EXERCISE PROMPT:
Begin at the line containing "Chrome Green Tshirt" and give again every line to the end of the records, exactly, without the pictures.

Captioned web image data:
-*-*-
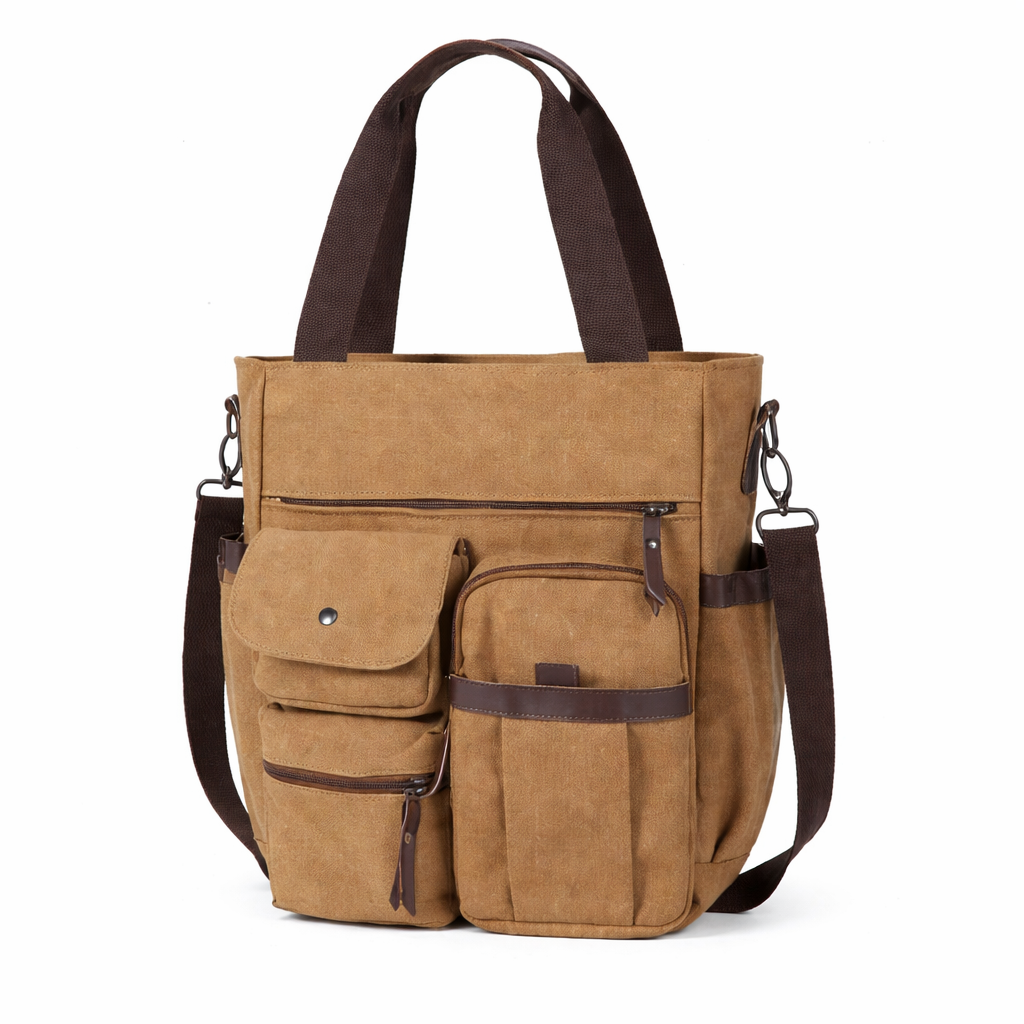 Northline Satchel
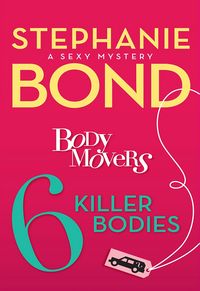 Produktbild: 6 Killer Bodies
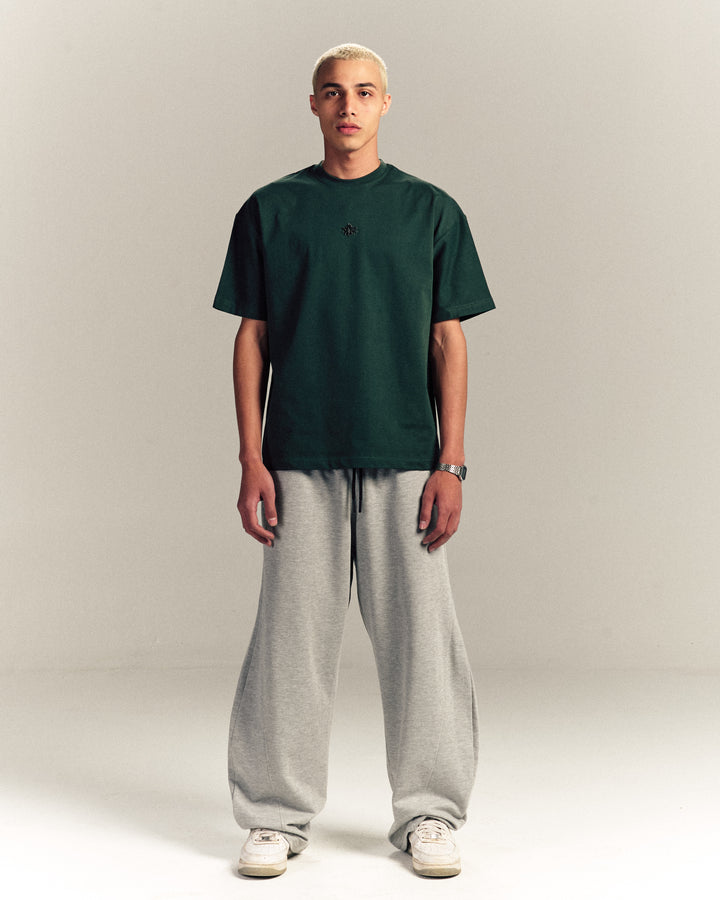 Chrome Green Tshirt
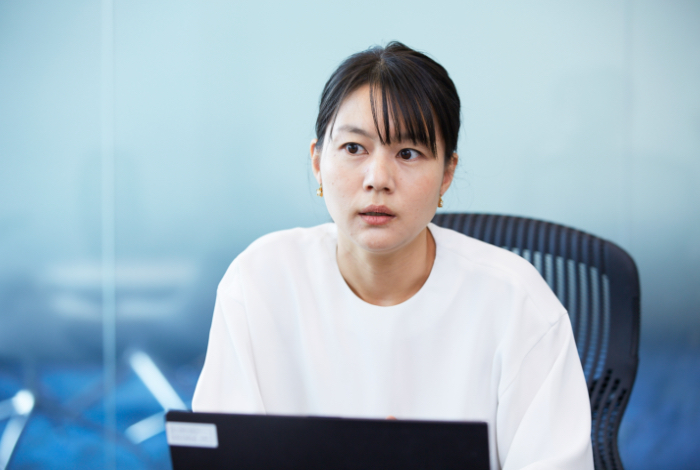 野原 有実子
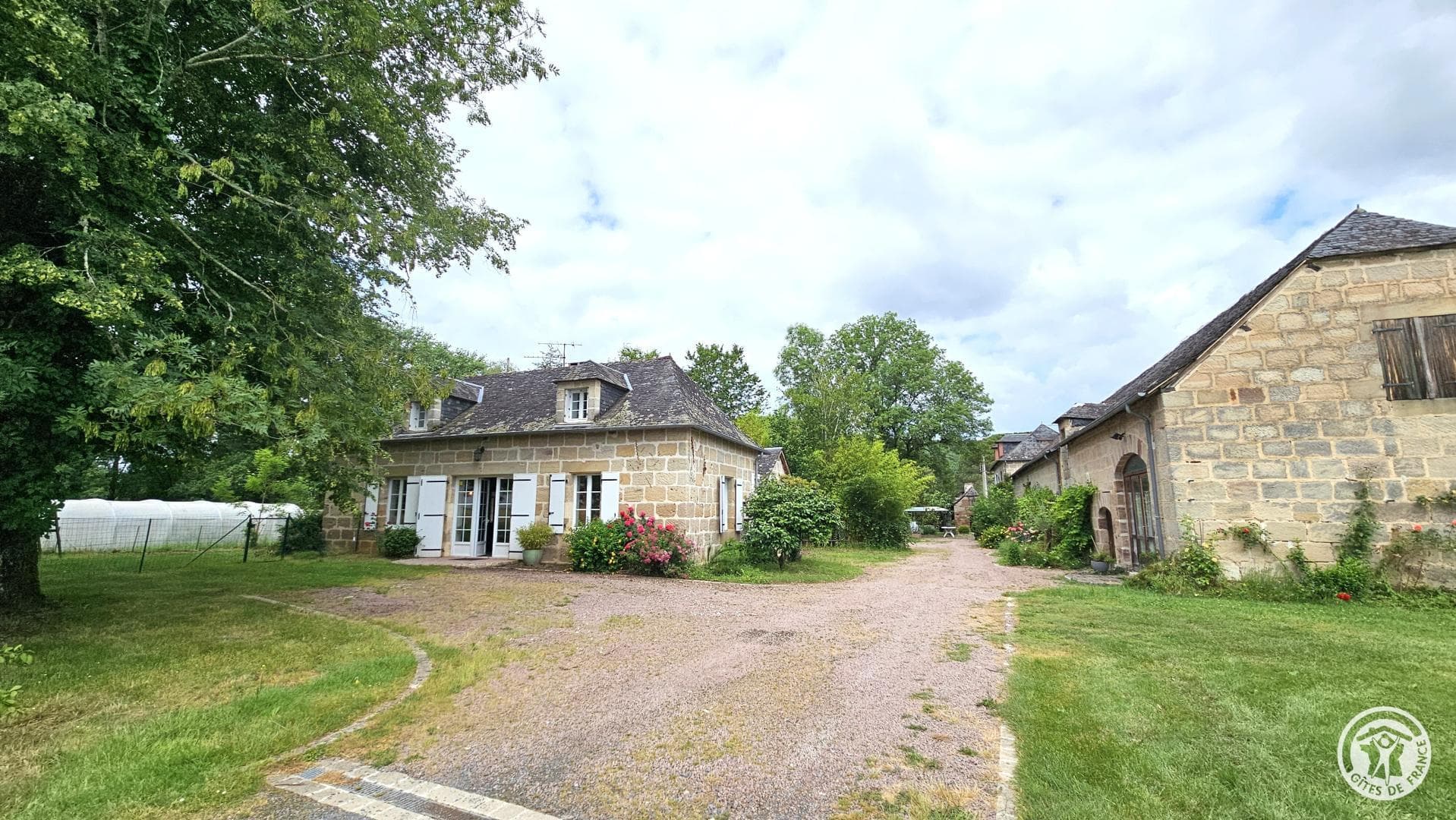 aux bords de la Vézère - 2_1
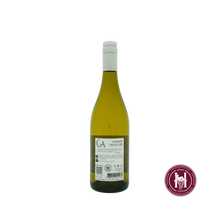 Afbeelding in Gallery-weergave laden, Viognier - Guillaume Aurèle - 2024 - 0.75 L - Frankrijk - Languedoc-Roussillon - Wit
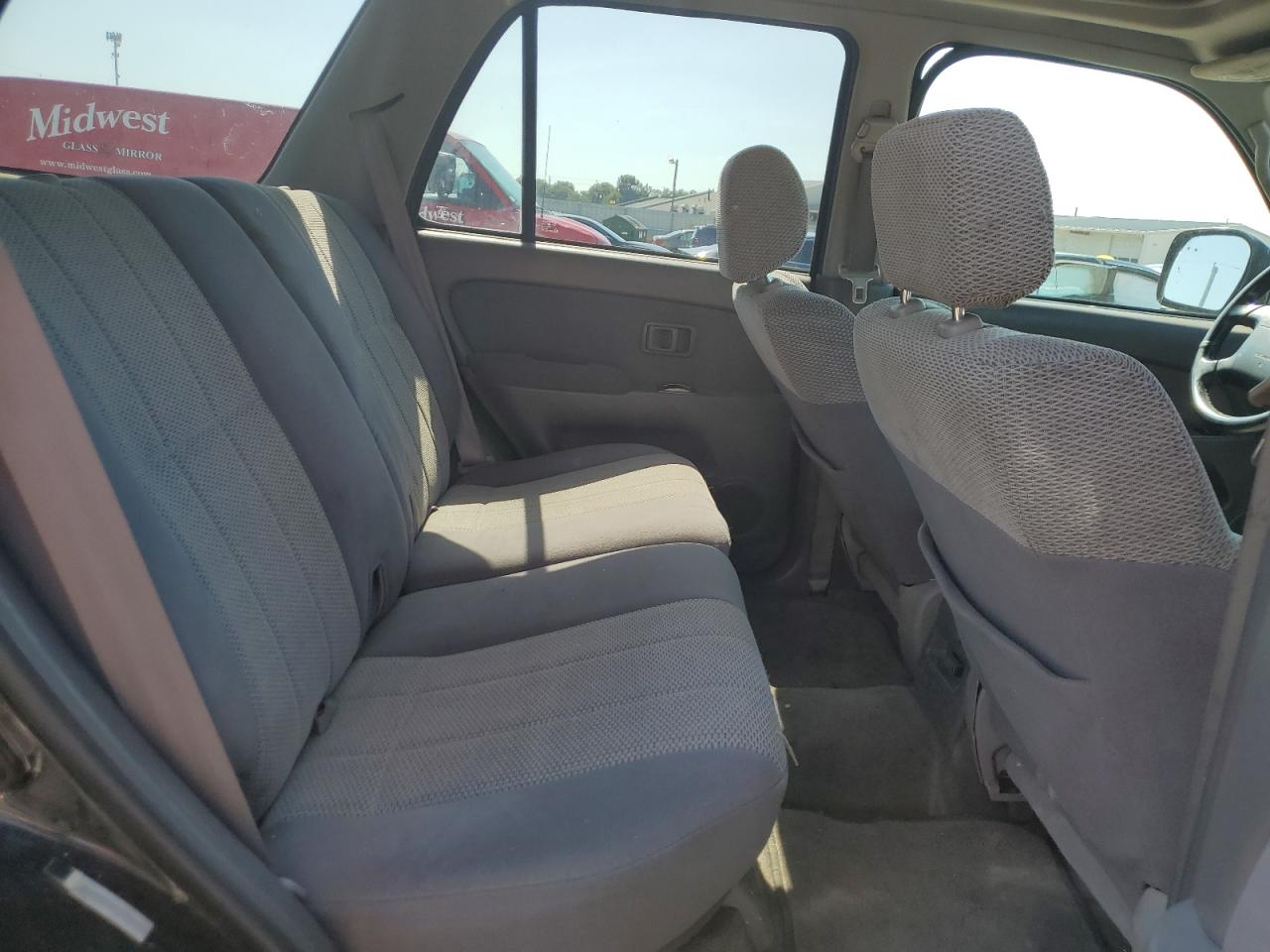 2001 Toyota 4Runner Sr5 VIN: JT3HN86R820391687 Lot: 70426475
-*-*-
EXERCISE RESULT:
 Chrome Green Tshirt
 野原 有実子
 aux bords de la Vézère - 2_1
 Afbeelding in Gallery-weergave laden, Viognier - Guillaume Aurèle - 2024 - 0.75 L - Frankrijk - Languedoc-Roussillon - Wit
 2001 Toyota 4Runner Sr5 VIN: JT3HN86R820391687 Lot: 70426475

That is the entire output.